Task objective:
Only the lines from the one that contains "Arcus Hotel Aracaju" to the end of the material below are wanted, each duplicated exactly.

Source material:

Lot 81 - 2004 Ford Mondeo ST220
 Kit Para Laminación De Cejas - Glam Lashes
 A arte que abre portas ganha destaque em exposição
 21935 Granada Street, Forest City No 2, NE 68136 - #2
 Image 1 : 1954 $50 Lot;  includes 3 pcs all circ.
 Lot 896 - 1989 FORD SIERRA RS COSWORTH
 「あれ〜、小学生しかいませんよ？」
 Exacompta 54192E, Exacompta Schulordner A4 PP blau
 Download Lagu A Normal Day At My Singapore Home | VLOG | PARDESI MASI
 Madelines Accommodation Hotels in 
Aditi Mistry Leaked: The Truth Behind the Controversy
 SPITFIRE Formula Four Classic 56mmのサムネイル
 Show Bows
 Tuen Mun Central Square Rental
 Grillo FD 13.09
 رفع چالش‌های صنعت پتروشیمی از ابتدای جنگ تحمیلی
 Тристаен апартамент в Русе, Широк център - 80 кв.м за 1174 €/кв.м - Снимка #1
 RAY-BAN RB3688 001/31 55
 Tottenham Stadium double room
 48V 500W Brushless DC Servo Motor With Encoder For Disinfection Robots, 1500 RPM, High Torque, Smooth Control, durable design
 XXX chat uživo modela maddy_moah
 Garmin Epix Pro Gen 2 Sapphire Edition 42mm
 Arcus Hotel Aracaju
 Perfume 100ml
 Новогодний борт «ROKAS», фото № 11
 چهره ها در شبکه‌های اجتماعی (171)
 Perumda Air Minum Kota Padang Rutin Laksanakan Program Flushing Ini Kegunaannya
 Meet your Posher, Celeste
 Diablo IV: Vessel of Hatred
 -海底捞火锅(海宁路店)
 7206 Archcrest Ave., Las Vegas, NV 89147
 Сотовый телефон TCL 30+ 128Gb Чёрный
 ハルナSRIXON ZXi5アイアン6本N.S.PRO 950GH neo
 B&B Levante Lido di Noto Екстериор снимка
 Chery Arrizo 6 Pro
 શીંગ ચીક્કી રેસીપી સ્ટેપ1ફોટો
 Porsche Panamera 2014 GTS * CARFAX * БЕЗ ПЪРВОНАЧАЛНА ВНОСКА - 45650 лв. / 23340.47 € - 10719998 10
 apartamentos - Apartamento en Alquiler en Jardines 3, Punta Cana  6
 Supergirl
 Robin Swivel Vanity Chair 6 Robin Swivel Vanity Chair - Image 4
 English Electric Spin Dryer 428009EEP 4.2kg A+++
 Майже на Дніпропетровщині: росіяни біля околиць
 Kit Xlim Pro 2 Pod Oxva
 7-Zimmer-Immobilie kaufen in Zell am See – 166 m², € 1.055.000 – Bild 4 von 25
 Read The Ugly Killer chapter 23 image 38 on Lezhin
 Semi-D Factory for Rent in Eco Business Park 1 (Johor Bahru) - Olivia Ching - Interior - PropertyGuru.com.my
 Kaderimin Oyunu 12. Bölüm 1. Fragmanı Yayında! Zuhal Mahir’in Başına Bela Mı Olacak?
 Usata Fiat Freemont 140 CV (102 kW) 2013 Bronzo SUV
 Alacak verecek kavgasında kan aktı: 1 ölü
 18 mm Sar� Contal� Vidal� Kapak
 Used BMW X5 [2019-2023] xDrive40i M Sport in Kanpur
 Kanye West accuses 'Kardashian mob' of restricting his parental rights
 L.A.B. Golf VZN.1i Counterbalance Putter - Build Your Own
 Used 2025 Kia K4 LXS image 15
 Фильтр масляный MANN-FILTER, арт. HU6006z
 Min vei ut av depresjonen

Response box:
 Arcus Hotel Aracaju
 Perfume 100ml
 Новогодний борт «ROKAS», фото № 11
 چهره ها در شبکه‌های اجتماعی (171)
 Perumda Air Minum Kota Padang Rutin Laksanakan Program Flushing Ini Kegunaannya
 Meet your Posher, Celeste
 Diablo IV: Vessel of Hatred
 -海底捞火锅(海宁路店)
 7206 Archcrest Ave., Las Vegas, NV 89147
 Сотовый телефон TCL 30+ 128Gb Чёрный
 ハルナSRIXON ZXi5アイアン6本N.S.PRO 950GH neo
 B&B Levante Lido di Noto Екстериор снимка
 Chery Arrizo 6 Pro
 શીંગ ચીક્કી રેસીપી સ્ટેપ1ફોટો
 Porsche Panamera 2014 GTS * CARFAX * БЕЗ ПЪРВОНАЧАЛНА ВНОСКА - 45650 лв. / 23340.47 € - 10719998 10
 apartamentos - Apartamento en Alquiler en Jardines 3, Punta Cana  6
 Supergirl
 Robin Swivel Vanity Chair 6 Robin Swivel Vanity Chair - Image 4
 English Electric Spin Dryer 428009EEP 4.2kg A+++
 Майже на Дніпропетровщині: росіяни біля околиць
 Kit Xlim Pro 2 Pod Oxva
 7-Zimmer-Immobilie kaufen in Zell am See – 166 m², € 1.055.000 – Bild 4 von 25
 Read The Ugly Killer chapter 23 image 38 on Lezhin
 Semi-D Factory for Rent in Eco Business Park 1 (Johor Bahru) - Olivia Ching - Interior - PropertyGuru.com.my
 Kaderimin Oyunu 12. Bölüm 1. Fragmanı Yayında! Zuhal Mahir’in Başına Bela Mı Olacak?
 Usata Fiat Freemont 140 CV (102 kW) 2013 Bronzo SUV
 Alacak verecek kavgasında kan aktı: 1 ölü
 18 mm Sar� Contal� Vidal� Kapak
 Used BMW X5 [2019-2023] xDrive40i M Sport in Kanpur
 Kanye West accuses 'Kardashian mob' of restricting his parental rights
 L.A.B. Golf VZN.1i Counterbalance Putter - Build Your Own
 Used 2025 Kia K4 LXS image 15
 Фильтр масляный MANN-FILTER, арт. HU6006z
 Min vei ut av depresjonen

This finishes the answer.